1Why do the nations rage
and the peoples plot in vain?
2 The kings of the earth set themselves,
and the rulers take counsel together,
against the Lord and against his Anointed, saying,
3 “Let us burst their bonds apart
and cast away their cords from us.”
4 He who sits in the heavens laughs;
the Lord holds them in derision.
5 Then he will speak to them in his wrath,
and terrify them in his fury, saying,
6 “As for me, I have set my King
on Zion, my holy hill.”
7 I will tell of the decree:
The Lord said to me, “You are my Son;
today I have begotten you.
8 Ask of me, and I will make the nations your heritage,
and the ends of the earth your possession.
9 You shall break them with a rod of iron
and dash them in pieces like a potter’s vessel.”
10 Now therefore, O kings, be wise;
be warned, O rulers of the earth.
11 Serve the Lord with fear,
and rejoice with trembling.
12 Kiss the Son,
lest he be angry, and you perish in the way,
for his wrath is quickly kindled.
Blessed are all who take refuge in him.
“We shall not greatly err in our summary of this sublime Psalm if we call it The Psalm of Messiah the Prince; for it sets forth as in a wondrous vision the tumult of the people against the Lord’s anointed, the determinate purpose of God to exalt his own Son, and the ultimate reign of that Son over all his enemies. Let us read it with the eye of faith, beholding, as in a glass, the final triumph of our Lord Jesus Christ over all his enemies. Lowth has the following remarks upon this Psalm: “The establishment of David upon his throne, notwithstanding the opposition made to it by his enemies, is the subject of the Psalm. David sustains in it a twofold character, literal and allegorical. If we read over the Psalm, first with an eye to the literal David, the meaning is obvious, and put beyond all dispute by the sacred history. There is indeed an uncommon glow in the expression and sublimity in the figures, and the diction is now and then exaggerated, as it were on purpose to intimate, and lead us to the contemplation of higher and more important matters concealed within. In compliance with this admonition, if we take another survey of the Psalm as relative to the person and concerns of the spiritual David, a noble series of events immediately rises to view, and the meaning becomes more evident, as well as more exalted. The colouring which may perhaps seem too bold and glaring for the king of Israel, will no longer appear so when laid upon his great Antitype. After we have thus attentively considered the subjects apart, let us look at them together, and we shall behold the full beauty and majesty of this most charming poem. We shall perceive the two senses very distinct from each other, yet conspiring in perfect harmony, and bearing a wonderful resemblance in every feature and lineament, while the analogy between them is so exactly preserved, that either may pass for the original from whence the other was copied. New light is continually cast upon the phraseology, fresh weight and dignity are added to the sentiments, till, gradually ascending from things below to things above, from human affairs to those that are Divine, they bear the great important theme upwards with them, and at length place it in the height and brightness of heaven.”

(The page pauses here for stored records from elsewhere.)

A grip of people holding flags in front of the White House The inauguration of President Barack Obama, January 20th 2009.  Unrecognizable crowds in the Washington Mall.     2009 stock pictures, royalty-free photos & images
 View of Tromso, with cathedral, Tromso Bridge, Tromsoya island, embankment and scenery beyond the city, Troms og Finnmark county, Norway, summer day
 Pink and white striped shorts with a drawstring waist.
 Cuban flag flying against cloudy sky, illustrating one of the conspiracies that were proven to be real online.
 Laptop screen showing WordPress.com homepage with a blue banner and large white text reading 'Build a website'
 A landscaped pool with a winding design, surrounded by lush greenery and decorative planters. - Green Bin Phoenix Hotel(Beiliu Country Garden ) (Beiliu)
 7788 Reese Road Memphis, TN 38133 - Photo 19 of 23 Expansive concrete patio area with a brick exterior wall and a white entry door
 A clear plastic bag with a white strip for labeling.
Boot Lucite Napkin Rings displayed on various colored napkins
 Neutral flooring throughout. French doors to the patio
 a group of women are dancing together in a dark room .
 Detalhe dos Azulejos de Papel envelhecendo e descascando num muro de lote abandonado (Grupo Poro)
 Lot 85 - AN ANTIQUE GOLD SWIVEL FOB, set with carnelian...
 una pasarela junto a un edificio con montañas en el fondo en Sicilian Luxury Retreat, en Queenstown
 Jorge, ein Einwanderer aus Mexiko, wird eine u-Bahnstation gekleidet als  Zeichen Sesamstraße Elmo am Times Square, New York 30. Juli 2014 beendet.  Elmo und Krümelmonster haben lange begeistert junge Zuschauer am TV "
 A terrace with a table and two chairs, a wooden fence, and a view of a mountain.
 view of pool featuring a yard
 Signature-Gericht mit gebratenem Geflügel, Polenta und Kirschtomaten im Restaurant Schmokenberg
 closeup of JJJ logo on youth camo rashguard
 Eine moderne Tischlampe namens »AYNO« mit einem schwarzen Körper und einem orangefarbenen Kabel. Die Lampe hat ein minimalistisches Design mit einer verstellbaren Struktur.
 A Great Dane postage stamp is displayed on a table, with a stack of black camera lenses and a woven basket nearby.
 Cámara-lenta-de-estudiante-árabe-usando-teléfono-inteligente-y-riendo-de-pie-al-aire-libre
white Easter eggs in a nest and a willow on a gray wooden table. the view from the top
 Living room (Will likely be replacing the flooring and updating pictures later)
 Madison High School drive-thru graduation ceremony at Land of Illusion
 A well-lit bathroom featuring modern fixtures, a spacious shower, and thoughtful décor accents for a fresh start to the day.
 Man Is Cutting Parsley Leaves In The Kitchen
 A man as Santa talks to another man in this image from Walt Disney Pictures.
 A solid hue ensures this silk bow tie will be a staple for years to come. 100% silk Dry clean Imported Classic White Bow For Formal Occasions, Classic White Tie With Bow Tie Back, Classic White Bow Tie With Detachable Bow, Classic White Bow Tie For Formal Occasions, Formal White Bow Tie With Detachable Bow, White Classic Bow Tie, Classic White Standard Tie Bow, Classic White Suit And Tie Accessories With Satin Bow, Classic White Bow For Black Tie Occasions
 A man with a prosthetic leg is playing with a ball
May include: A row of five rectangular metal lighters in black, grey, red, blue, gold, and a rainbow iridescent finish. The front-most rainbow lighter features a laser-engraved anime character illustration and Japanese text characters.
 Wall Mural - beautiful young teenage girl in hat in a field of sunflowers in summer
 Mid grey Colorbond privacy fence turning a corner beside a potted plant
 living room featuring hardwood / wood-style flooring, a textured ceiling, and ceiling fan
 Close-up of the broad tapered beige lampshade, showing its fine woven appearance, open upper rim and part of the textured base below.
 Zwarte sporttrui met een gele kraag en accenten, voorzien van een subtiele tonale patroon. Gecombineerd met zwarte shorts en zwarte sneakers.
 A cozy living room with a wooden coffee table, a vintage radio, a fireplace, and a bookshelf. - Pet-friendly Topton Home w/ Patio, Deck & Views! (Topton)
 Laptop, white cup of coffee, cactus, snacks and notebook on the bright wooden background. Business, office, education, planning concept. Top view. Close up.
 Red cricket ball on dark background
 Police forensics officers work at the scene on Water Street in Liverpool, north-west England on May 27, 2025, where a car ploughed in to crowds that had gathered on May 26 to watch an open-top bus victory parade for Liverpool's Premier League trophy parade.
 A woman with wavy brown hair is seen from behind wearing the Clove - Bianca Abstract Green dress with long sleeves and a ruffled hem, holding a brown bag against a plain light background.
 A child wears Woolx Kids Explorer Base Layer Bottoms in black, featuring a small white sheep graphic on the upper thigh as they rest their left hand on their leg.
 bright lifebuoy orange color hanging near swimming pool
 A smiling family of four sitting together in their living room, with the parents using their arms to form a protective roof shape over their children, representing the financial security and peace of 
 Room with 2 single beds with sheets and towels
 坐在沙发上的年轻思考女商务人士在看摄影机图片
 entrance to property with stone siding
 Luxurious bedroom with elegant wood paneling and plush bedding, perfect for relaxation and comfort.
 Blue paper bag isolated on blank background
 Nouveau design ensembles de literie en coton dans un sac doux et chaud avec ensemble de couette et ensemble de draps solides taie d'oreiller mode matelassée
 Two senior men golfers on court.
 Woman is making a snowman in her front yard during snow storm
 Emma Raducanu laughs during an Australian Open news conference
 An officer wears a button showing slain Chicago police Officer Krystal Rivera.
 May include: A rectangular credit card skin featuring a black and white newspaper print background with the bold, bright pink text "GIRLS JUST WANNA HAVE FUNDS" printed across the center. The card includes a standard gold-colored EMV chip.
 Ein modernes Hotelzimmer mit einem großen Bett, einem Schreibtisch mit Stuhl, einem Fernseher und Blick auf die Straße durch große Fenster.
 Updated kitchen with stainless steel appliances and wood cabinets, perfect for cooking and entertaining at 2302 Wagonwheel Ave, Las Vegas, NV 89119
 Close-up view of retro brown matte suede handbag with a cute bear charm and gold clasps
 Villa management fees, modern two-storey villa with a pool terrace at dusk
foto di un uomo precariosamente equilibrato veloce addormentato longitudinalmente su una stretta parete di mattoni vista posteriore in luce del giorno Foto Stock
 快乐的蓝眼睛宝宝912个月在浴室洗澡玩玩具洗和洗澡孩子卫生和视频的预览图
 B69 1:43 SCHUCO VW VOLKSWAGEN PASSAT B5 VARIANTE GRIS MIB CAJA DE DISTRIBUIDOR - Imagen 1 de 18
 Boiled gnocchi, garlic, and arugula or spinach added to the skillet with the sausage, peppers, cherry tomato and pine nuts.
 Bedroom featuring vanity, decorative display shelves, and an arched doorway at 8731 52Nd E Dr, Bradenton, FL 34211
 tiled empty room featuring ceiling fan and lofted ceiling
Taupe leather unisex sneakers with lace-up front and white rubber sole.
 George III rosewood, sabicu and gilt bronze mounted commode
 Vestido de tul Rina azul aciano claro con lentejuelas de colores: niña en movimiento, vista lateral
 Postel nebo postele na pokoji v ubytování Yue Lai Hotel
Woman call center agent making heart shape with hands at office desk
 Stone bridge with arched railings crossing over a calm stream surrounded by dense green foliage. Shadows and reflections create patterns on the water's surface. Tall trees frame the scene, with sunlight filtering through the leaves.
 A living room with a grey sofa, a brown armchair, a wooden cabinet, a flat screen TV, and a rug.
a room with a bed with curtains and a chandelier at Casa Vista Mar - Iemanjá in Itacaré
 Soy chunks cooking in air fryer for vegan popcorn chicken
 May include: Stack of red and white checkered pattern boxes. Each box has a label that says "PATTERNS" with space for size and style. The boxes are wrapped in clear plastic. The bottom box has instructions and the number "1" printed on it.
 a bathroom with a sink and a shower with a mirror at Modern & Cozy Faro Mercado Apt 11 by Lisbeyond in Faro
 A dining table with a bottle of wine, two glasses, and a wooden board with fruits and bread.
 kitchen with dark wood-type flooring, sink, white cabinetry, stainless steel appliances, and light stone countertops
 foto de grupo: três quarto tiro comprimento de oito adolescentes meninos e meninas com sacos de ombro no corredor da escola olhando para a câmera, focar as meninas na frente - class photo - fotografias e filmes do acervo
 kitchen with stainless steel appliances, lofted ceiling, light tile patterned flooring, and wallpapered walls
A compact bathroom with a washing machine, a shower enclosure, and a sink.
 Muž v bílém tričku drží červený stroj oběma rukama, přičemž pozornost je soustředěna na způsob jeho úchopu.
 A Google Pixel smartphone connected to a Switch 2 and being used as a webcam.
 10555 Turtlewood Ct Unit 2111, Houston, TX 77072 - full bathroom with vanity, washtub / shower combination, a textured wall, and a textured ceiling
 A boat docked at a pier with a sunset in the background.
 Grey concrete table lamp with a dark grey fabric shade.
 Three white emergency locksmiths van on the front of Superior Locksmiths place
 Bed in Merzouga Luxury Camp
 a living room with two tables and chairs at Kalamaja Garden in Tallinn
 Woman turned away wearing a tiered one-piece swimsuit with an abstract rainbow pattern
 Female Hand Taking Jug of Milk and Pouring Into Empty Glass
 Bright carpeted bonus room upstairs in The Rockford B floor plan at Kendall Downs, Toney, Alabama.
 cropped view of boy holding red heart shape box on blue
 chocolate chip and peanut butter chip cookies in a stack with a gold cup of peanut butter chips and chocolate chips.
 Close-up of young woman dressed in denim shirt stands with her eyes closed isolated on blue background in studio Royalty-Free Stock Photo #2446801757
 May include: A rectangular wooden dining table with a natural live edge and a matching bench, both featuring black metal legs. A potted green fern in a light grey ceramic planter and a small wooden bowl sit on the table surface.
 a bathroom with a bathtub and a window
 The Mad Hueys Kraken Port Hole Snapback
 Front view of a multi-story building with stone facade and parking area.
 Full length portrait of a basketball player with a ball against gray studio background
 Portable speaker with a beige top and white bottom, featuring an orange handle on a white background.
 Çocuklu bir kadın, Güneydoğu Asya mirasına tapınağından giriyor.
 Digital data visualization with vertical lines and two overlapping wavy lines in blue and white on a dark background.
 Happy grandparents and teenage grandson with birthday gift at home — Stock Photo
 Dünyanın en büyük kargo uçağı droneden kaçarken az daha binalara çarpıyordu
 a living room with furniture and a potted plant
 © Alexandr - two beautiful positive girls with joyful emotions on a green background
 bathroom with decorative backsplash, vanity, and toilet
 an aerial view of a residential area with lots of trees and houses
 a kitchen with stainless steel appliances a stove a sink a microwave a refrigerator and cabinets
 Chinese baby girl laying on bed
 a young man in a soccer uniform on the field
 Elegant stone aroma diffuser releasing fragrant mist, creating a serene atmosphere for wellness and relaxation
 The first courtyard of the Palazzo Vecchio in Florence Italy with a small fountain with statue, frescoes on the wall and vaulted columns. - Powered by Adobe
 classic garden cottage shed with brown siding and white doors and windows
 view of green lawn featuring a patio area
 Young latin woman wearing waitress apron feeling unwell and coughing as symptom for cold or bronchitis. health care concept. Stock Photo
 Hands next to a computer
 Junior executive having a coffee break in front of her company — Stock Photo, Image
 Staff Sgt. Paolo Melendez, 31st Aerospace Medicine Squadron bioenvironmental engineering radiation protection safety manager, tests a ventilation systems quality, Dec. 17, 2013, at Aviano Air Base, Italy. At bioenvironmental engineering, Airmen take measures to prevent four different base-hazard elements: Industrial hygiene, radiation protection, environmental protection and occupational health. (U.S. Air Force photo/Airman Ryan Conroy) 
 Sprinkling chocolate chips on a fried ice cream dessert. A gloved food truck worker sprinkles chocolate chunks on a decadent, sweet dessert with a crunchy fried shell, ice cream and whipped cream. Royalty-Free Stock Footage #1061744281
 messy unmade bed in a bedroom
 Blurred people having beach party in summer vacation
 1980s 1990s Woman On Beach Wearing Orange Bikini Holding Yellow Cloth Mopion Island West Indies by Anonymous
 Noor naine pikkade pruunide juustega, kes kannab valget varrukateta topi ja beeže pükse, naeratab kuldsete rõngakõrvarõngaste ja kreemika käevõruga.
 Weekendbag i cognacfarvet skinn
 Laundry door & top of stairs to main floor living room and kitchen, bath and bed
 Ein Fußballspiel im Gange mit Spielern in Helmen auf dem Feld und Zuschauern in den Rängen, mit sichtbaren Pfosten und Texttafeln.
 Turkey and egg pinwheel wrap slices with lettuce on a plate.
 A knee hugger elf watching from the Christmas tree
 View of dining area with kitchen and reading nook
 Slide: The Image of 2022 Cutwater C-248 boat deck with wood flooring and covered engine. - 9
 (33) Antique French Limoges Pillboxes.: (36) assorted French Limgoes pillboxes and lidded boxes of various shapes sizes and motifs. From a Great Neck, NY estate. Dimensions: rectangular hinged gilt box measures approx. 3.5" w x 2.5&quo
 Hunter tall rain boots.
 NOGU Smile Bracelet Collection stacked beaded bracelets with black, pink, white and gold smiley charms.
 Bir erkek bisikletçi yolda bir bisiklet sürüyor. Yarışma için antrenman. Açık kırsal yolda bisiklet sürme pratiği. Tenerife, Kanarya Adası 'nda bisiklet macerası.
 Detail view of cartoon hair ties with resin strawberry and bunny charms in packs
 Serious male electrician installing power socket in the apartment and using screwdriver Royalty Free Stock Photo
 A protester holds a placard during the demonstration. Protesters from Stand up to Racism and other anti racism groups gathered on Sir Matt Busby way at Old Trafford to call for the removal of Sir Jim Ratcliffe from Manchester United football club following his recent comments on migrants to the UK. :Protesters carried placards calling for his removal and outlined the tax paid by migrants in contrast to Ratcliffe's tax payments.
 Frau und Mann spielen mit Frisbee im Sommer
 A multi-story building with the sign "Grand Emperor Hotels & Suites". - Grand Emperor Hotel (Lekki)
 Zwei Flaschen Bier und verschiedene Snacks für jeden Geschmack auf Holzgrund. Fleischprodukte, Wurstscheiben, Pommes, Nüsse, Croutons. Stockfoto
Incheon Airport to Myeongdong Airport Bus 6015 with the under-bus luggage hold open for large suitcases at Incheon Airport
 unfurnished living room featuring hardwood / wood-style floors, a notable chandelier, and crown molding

Division.—This Psalm will be best understood if it be viewed as a four-fold picture. (In verses 1, 2, 3) the Nations are raging; (4 to 6) the Lord in heaven derides them; (7 to 9) the Son proclaims the decree; and (from 10 to end) advice is given to the kings to yield obedience to the Lord’s anointed. This division is not only suggested by the sense, but is warranted by the poetic form of the Psalm, which naturally falls into four stanzas of three verses each.” 1
1. C. H. Spurgeon, The Treasury of David: Psalms 1-26, vol. 1 (London; Edinburgh; New York: Marshall Brothers, n.d.), 10.